A report from the Knowledge Action Change public health agency in the United Kingdom has revealed there are only nine users of safer nicotine products for every 100 smokers worldwide. Policy and regulations are denying smokers the right to harm reduction products while “millions of lives are at stake”, it says.
The report indicates that 80% of the world’s smokers live in low- and middle-income countries like South Africa.
People smoke for nicotine but they die from the tar, said KAC in a global webinar held last Wednesday 4 November 2020 to launch the report. “Many people want to quit, but repeatedly fail. What if 1.1 billion smokers had access to safer alternatives? And what happens if that access is denied? it asks.
The report, Burning Issues: The global state of tobacco harm reduction (GSTHR) 2020, was released at the webinar and its findings were presented. It found an urgent need to scale up tobacco harm-reduction if its full public health potential is to be realised.
“The global public health crisis of smoking is ongoing and deadly,” said the UK agency in a statement after the launch. “1.1 billion people smoke worldwide, a figure that has remained unchanged for two decades despite billions spent by governments and the World Health Organization (WHO) on tobacco control.
“Eight million people die due to smoking-related disease every year. The WHO estimates that one billion people will die of smoking-related diseases by 2100.”
Emeritus Professor at Imperial College London and KAC Director, Professor Gerry Stimson, said: “Denying smokers access to safer nicotine products is denying them their right to health – and millions of lives are at stake.”
He continued in the statement: “This is a decisive moment for the future health of 1.1 billion smokers around the world, who deserve better than the status quo. These numbers demonstrate the scale of consumer uptake and acceptance of these products as alternatives to combustible tobacco, which kills half its users.”
“Our data shows that, worldwide, millions of people are choosing to improve their own health by switching from combustible tobacco. But this needs to scale up, fast,” said the report’s Executive Editor Harry Shapiro.
“Tobacco harm reduction should become a genuine consumer-led public health success. But instead, we are seeing the start of a war on nicotine.”
Shapiro continued in the statement: “The urgent need to find new approaches is clear, especially in low-middle income groups, where tobacco control measures are often poorly or partially implemented, smoking rates are high or plateauing, population growth is increasing the number of smokers, and health systems are least able to treat smoking-related disease effectively or offer smokers support to quit.” The report found that:
- There are only nine safer nicotine product (SNP) users for every 100 smokers globally, mainly in high income countries.
- Overall, 98 million people are estimated to use safer nicotine products worldwide.
- Of those, 68 million are vapers, with the largest vaping populations in the US, China, the Russian Federation, the UK, France, Japan, Germany and Mexico.
- 20 million are heated tobacco product (HTP) users; with most HTP users in Japan, where cigarette sales have dropped by 32% since 2016 when HTP were launched.
- 10 million are US smokeless or snus users.
“Since safer nicotine products have become available, accessible and affordable in countries such as Japan, the UK and Iceland, existing declines in smoking rates have accelerated,” stated Stimson in the KAC statement.
“Yet despite the emergence of products that are demonstrably safer than combustible cigarettes, proven to be effective in smoking cessation and attractive to adult consumers who are quitting and switching in their millions, tobacco harm reduction continues to be seen by many in global health and tobacco control as a threat, not a public health opportunity.”
Experts call for change
During the launch, other expert speakers called for change, the statement continues.
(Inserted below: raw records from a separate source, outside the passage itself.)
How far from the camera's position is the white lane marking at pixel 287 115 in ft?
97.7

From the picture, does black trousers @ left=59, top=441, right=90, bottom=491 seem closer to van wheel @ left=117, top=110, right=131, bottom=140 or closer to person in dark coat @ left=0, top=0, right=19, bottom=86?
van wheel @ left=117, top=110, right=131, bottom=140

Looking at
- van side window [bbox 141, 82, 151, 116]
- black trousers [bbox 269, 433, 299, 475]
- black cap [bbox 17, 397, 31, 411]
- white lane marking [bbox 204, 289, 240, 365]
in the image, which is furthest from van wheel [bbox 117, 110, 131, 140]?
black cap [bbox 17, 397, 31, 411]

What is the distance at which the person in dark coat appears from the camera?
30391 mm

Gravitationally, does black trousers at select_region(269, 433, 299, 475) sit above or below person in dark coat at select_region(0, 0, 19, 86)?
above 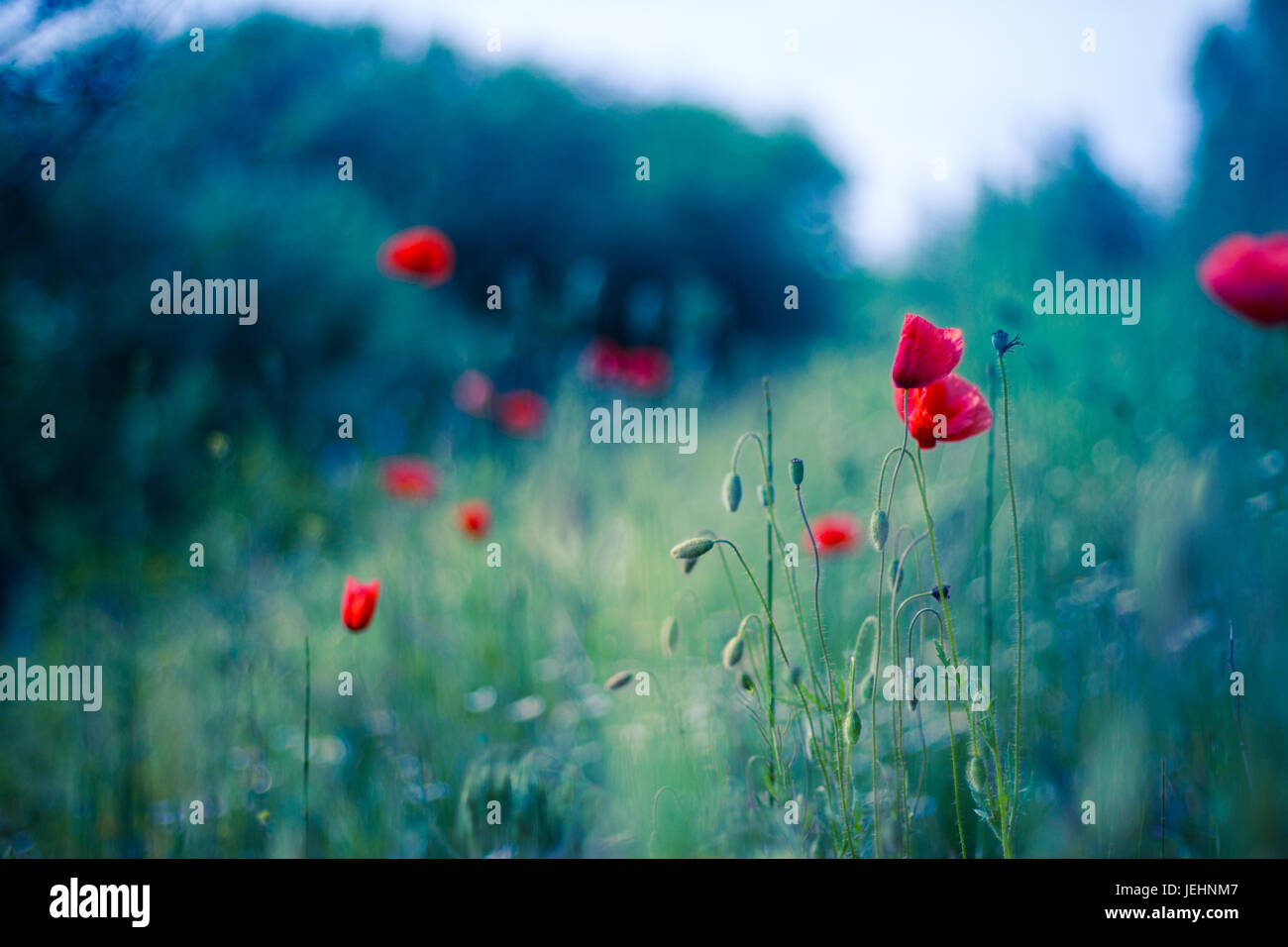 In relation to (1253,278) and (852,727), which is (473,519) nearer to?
(852,727)

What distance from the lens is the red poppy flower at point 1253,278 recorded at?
954mm

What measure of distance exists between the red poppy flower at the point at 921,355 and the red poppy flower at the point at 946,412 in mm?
38

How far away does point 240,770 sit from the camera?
56.8 inches

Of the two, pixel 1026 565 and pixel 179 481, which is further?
pixel 179 481

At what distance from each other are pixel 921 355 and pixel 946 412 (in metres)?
0.08

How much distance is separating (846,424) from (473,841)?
2.11 meters

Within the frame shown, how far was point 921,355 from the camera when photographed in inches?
30.5

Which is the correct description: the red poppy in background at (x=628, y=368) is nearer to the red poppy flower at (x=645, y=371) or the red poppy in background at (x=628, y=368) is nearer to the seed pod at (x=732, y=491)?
the red poppy flower at (x=645, y=371)

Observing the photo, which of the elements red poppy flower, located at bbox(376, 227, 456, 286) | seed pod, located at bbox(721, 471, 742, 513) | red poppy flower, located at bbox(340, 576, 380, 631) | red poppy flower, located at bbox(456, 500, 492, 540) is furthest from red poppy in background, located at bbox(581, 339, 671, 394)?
seed pod, located at bbox(721, 471, 742, 513)

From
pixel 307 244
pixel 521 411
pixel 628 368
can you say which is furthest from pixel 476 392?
pixel 307 244

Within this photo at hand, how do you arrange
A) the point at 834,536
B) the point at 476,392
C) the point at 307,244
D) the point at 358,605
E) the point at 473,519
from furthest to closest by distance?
the point at 307,244
the point at 476,392
the point at 473,519
the point at 834,536
the point at 358,605

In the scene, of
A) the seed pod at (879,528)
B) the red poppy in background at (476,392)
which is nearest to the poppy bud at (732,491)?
the seed pod at (879,528)

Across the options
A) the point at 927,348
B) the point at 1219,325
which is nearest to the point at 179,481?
the point at 927,348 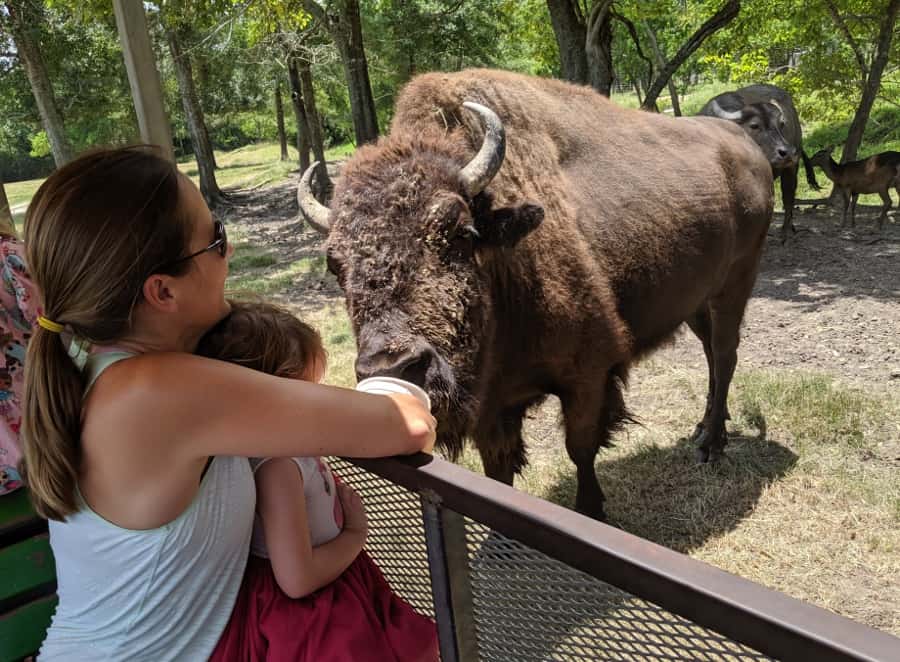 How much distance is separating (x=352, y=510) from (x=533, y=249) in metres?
2.32

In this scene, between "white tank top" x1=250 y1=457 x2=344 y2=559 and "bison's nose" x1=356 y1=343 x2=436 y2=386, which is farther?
"bison's nose" x1=356 y1=343 x2=436 y2=386

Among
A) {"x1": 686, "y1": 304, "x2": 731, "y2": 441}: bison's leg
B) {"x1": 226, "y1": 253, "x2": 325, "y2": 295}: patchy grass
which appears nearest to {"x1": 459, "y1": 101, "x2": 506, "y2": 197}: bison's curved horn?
{"x1": 686, "y1": 304, "x2": 731, "y2": 441}: bison's leg

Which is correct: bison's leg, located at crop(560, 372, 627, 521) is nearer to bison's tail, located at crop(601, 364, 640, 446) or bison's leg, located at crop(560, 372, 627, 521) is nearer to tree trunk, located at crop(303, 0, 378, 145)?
bison's tail, located at crop(601, 364, 640, 446)

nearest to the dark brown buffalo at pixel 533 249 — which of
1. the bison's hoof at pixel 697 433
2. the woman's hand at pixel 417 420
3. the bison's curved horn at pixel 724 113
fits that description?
the bison's hoof at pixel 697 433

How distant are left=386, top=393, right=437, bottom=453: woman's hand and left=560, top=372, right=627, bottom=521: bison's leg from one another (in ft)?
8.62

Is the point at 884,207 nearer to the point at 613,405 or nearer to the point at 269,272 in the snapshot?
the point at 613,405

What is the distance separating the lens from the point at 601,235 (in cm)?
419

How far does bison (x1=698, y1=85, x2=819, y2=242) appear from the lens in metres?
10.8

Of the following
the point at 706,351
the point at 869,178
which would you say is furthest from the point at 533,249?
the point at 869,178

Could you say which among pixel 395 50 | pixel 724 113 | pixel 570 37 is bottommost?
pixel 724 113

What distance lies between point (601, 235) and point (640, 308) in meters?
0.61

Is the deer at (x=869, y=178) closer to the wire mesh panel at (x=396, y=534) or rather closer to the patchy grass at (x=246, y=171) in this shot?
the wire mesh panel at (x=396, y=534)

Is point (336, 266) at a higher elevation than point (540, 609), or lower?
higher

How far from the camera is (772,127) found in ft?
36.4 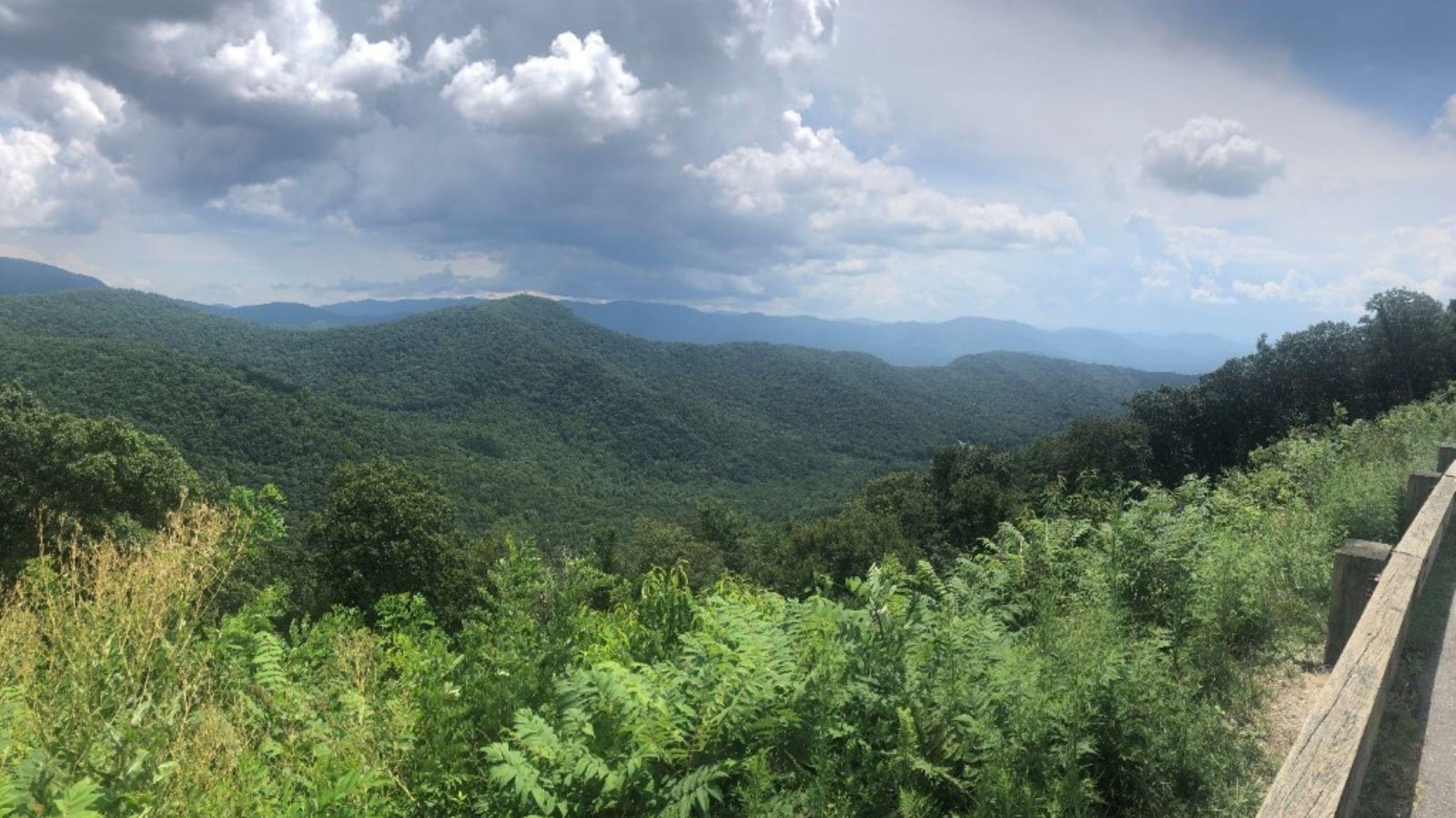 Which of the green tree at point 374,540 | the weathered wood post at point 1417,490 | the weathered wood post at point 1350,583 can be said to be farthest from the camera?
the green tree at point 374,540

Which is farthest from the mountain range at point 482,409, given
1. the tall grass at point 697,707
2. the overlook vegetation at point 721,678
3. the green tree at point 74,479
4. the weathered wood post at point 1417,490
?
the weathered wood post at point 1417,490

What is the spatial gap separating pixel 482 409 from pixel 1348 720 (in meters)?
150

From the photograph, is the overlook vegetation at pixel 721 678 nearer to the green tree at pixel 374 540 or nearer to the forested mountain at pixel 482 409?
the green tree at pixel 374 540

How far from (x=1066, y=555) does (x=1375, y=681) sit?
10.5 ft

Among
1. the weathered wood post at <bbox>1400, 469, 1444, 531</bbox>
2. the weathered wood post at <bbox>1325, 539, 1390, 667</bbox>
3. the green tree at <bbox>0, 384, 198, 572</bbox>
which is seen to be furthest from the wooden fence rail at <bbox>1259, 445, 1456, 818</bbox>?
the green tree at <bbox>0, 384, 198, 572</bbox>

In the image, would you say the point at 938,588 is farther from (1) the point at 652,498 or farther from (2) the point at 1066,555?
(1) the point at 652,498

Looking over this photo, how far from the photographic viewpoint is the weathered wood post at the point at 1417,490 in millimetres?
5494

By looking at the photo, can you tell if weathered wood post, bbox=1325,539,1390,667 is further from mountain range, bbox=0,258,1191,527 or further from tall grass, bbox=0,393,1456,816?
mountain range, bbox=0,258,1191,527

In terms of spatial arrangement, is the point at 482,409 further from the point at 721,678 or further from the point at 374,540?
the point at 721,678

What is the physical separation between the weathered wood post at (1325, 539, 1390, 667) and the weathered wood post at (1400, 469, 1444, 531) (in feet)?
7.76

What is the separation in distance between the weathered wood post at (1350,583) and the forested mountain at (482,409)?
215ft

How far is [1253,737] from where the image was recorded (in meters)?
3.29

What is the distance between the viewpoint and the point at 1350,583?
376 cm

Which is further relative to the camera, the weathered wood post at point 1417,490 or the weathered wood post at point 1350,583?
the weathered wood post at point 1417,490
One was Samrat Chowdhery, President of the International Network of Nicotine Consumer Organisations and Director of the Association of Vapers India.
He said: “Given that over 80% of tobacco users are in low- and middle-income countries with meagre means to deal with tobacco-related consequences, the focus ought to be unwaveringly on harm prevention, by allowing people to exercise the choice of avoiding death and disease by switching to affordable and accessible risk-reduced alternatives.”
Guest speaker Professor David Nutt, founder of DrugScience and a professor of neuropsychopharmacology at Imperial College London, said: “My work leading a multicriteria decision analysis on the harms of different nicotine products back in 2013 contributed to the understanding that e-cigarettes are around 95% less harmful than cigarettes.
“Yet many so-called ‘experts’ rebuff scientific evidence on vaping or snus safety and deny relative harm data, while insulting and libelling scientists like myself. To reject the opportunity of tobacco harm reduction is, perhaps, the worst example of scientific denial since the Catholic Church banned the works of Copernicus in 1616.”